ECONOMYNEXT – In a diplomatic maneuver that would have been unthinkable just a few years ago, Tilvin Silva, the General Secretary of the Janatha Vimukthi Peramuna (JVP) and the ideological heavyweight behind Sri Lanka’s ruling National People’s Power (NPP), concluded a landmark 8-day official visit to India this week.
The visit, from February 5-12, marks the first time the veteran Marxist leader has set foot on Indian soil, signaling a definitive end to the party’s decades-long anti-India stance.
Accompanied by a high-level delegation, Silva was hosted under the Indian Council for Cultural Relations’ (ICCR) Distinguished Visitors Programme. The current Sri Lanka President Anura Kumara Dissanayake also was an invitee under the same programme two years ago before he became the president.
Silva’s itinerary, covering New Delhi, Ahmedabad, and Thiruvananthapuram, was carefully curated to showcase India’s digital, agricultural, and industrial prowess.
The Beijing Prelude
The timing of this visit is strategically significant.
It follows Silva’s high-profile tour of China in June 2025, where he sought to study the “Chinese Model” of development and party discipline.
By following a Beijing expedition with a New Delhi “reset,” Silva is executing what regional analysts call strategic hedging.

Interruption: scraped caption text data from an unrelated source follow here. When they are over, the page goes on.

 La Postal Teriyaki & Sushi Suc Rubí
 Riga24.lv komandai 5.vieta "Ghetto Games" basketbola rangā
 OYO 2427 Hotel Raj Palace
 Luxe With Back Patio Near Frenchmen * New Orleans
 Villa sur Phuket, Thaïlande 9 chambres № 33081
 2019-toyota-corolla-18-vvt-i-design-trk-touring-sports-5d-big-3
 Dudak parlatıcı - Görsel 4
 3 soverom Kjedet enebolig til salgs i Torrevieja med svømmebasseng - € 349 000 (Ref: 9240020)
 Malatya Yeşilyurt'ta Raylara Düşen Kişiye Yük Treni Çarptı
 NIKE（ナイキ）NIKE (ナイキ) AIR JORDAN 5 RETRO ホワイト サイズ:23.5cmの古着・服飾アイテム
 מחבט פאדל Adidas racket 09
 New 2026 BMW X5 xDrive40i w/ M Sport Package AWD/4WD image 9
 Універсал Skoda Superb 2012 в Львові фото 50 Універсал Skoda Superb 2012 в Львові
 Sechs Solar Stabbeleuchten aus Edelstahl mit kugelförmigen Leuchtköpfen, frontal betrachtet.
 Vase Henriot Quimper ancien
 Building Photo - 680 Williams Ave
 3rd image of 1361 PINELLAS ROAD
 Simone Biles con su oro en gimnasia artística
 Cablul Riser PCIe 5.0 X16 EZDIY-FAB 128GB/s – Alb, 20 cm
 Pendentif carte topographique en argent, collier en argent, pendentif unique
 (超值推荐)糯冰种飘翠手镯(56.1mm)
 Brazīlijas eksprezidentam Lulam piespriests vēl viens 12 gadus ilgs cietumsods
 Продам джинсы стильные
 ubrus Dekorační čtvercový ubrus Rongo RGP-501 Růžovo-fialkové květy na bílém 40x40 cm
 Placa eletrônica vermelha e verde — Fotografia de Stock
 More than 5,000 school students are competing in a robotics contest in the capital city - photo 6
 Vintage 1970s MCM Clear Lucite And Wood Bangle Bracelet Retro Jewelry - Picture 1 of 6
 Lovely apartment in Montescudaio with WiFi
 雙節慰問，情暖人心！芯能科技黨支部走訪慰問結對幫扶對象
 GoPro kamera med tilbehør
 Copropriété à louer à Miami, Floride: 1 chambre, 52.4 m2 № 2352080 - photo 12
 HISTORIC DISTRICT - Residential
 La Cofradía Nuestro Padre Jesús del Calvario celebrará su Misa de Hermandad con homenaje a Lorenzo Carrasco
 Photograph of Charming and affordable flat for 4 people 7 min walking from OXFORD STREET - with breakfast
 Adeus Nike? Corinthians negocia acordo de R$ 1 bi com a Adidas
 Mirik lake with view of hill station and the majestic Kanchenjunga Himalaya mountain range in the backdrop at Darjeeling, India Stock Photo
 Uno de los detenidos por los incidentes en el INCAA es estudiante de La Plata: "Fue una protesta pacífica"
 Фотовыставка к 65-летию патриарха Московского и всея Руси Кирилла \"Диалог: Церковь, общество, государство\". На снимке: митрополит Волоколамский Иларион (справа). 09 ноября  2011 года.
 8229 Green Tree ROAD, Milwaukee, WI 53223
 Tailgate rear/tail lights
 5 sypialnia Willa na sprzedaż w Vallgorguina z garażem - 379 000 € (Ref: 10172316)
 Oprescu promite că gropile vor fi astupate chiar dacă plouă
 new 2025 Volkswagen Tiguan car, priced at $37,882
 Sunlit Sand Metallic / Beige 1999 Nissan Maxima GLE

For a party that once viewed Indian intervention as an existential threat to Sri Lankan sovereignty, the shift is stark.
Historically, the JVP spearheaded two bloody insurrections, with the 1987 uprising specifically targeting the Indo-Lanka Accord.
Today, however, Silva is seen engaging with Indian External Affairs Minister S Jaishankar to discuss growth opportunities and mutual benefit.
But local geopolitical analysts say Silva’s move could be due to the current geopolitical chess game with higher uncertainty created by US President Donald Trump’s tariffs.
They say there is hardly any change in anti-Indian sentiment within hardcore JVP supporters.
From Protests to Partnerships
In New Delhi, the delegation was briefed on India’s Neighbourhood First policy and the ‘MAHASAGAR’ vision.
Beyond mere rhetoric, Silva’s visit to learn about the Unique Digital Identity Authority of India (Aadhaar) and the Gati Shakti infrastructure plan suggests a government eager to modernize Sri Lanka’s bureaucracy using Indian technical blueprints, analysts say.
Silva, who himself along with his party criticized private-public partnerships and foreign monopolies, visited AMUL and the Gujarat International Finance Tec-City (GIFT City).
The delegation also studied the “Gujarat Model” of inclusive development, a move that underscores the JVP’s transition from a revolutionary movement to a pragmatic governing force, analysts say.
The De Facto Power
While Dissanayake holds the presidency, Silva’s position as General Secretary in the JVP’s politburo structure makes him the de facto ideological compass of the state.
Analysts see his visit to the Vizhinjam Deep-Water Container Transshipment Port in Kerala, a project developed via a PPP model, as a move of NPP’s willingness to move away from rigid Marxist dogma toward a developmental realism that welcomes regional cooperation.
As Sri Lanka continues to navigate a path out of its economic crisis, Silva’s Indian tour serves as a clear message that the “Red” party of the past has been replaced by a government that recognizes New Delhi as a trusted partner, successfully balancing the scales between the two Asian giants.